--- DESCRIPTION OF THE TASK ---
Pull out every line below containing the word "Boys".

━━ THE RECORDS

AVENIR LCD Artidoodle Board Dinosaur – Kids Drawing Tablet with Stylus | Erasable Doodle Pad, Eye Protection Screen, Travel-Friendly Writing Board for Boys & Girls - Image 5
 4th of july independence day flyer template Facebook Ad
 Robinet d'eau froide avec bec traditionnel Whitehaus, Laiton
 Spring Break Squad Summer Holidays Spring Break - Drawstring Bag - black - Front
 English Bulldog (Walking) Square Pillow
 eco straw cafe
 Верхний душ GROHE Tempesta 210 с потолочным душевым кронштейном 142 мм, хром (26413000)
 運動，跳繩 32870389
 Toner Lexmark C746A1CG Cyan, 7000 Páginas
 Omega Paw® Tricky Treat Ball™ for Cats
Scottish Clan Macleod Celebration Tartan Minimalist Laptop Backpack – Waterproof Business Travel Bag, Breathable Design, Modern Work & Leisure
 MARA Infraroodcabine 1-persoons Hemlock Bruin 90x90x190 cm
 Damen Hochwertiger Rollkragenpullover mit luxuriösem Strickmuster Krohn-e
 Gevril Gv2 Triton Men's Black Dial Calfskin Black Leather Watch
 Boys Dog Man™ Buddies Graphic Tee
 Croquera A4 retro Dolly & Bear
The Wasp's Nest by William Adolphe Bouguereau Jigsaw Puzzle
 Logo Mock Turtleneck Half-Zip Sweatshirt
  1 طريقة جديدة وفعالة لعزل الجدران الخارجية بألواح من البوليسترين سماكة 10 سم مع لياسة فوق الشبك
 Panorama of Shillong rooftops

━━━━

--- RESULT ---
AVENIR LCD Artidoodle Board Dinosaur – Kids Drawing Tablet with Stylus | Erasable Doodle Pad, Eye Protection Screen, Travel-Friendly Writing Board for Boys & Girls - Image 5
 Boys Dog Man™ Buddies Graphic Tee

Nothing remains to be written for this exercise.